― Andrew Wolfe
I'm not sure why anyone would write a book without words, and if love requires a kiss in all places, a lot of pet owners are performing acts that probably aren't legal, but whatever, it's a metaphor.
This is Bibliophile.
If you're new here, the idea is that I browse through the weekly new book list at my local University library, and note the new entries. Sometimes, though, the phrase "weekly" is a bit of a misomer, and the list fails to be updated, in which case I usually skip the week, or take another Canadian university to browse. This is one of those latter weeks. So this week, we're looking at the new books at Dalhousie University. Books available at my own local university, good ol' University of Waterloo, will be marked by a bolded H.
I was pretty sure I'd looked at Dalhousie before, but it doesn't seem to be showing up in my search bar, so... so buttons, I guess. They've got a new book list with an RSS feed with an option of specializing in library and subject, which is quite thoughtful of them.As it explains, their list features all items with a publishing date of the last two years that have been entered into the catalog in the last month. The downside is that there doesn't seem to be any organizing options for the user. It's just a very long list, sorted alphabetically by title.
A Mess of Greens: Southern Gender and Southern Food by Elizabeth S. D. Engelhardt, Sept 2011, U of Georgia P.
Ever since I read Michael Pollan's The Botany of Desire, I've had a soft spot for cultural study approaches to books; I am even, very very slowly, currently making my way through Cultures of Taste, an anthology of essays on Romanticism and eating habits. Engelhardt seems to share a lot with Pollan's approach in The Botany of Desire, in fact; as he focused on four specific foods, she's focusing on five specific moments: moonshine, biscuits vs. cornbread, tomato clubs, pellegra, and cookbooks as a means of communication. Her overall approach is rather different, though, as she's looking at what the food choices tells us about the sothern woman and issues of race, gender, class, and social power. She says that typically, modern concepts of southern foods are portrayed as untroubled nostalgia at times, but her approach is to take into account industrialization, environmental degradation, and a much broader swathe of economic classes. I can't say I ever see my research heading in a food direction--although I will point to this tumblr that looks at how videogames use food, and this one that makes up recipes based on food in video games. But regardless of the direction of my research, this is exactly the sort of nonfiction I'd choose for leisure reading.

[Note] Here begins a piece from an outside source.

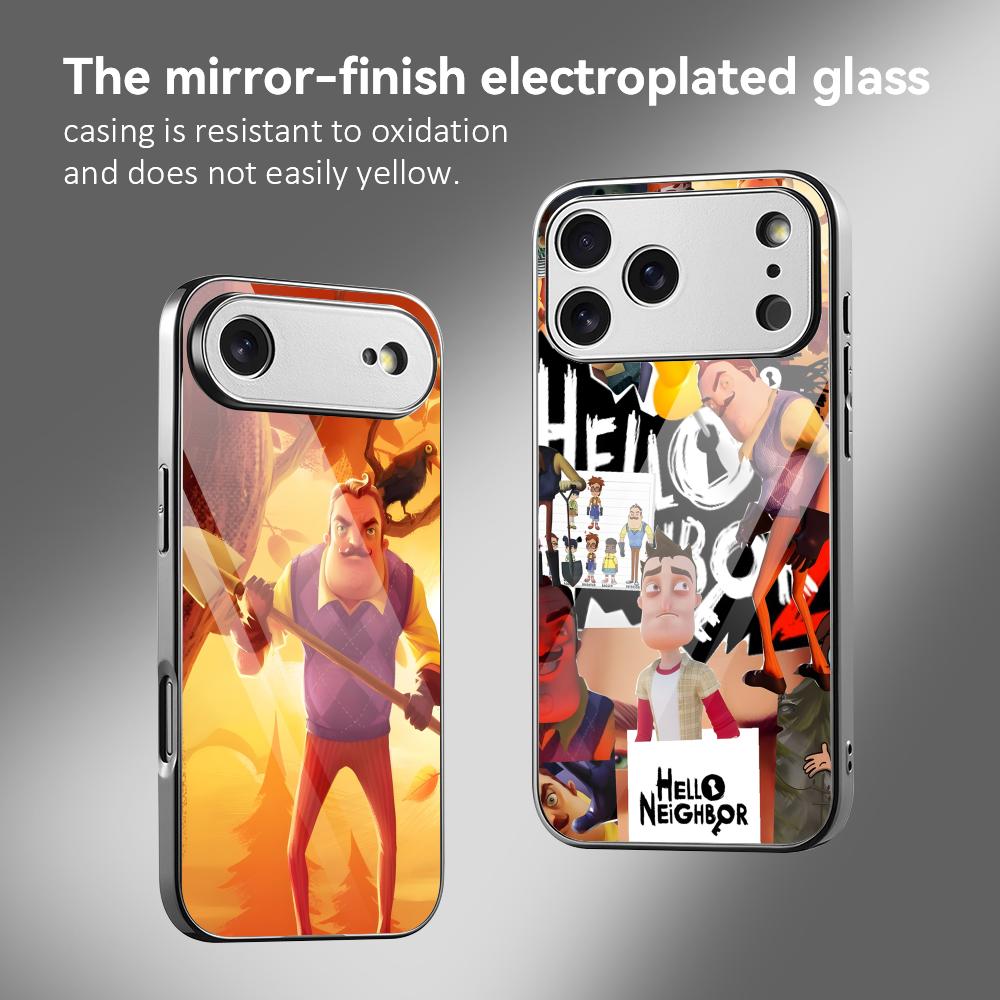 Phone Cases Metal - Game H-Hello Neighbor Telefoonhoesje voor iPhone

City Catalyst: Architecture in the Age of Extreme Urbanisation by Alexander Eisenschmidt, Oct 2012, Wiley.
That strikes me as a fairly depressing subtitle. Honestly, "Extreme Urbanisation" doesn't exactly fill me with glee. Maybe it's my rural upbringing at play? At any rate, it turns out that this is actually a journal's special issue, Architectural Design 82.5. Can't say we've seen a lot of journals in these pages before. It's basically a collection of essays, but that treatment doesn't quite work here, as the essay titles are a little too general to really indicate the arguments. ("Too Big Too Fail" doesn't really say a lot about anything, at this point.) Eisenschmidt's essential argument for the journal at large is that with the state of modern cities and constant expansion, there's nothing to be gained on using architecture based on idealized, standardized planning. Rather, your starting point needs to be that the city is something that changes over time, and it's a "realm of invention and a space for possibilities where new designs can be tested." My knowledge of architecture goes only so far that I can recognize that Ted Mosby from How I Met Your Mother is a fairly terrible one. But it seems like a perfectly workable approach--though the "realm of invention" almost suggests an "anything goes" approach if you take it extreme. And you *have* to take it to extreme! I mean, it's in the title.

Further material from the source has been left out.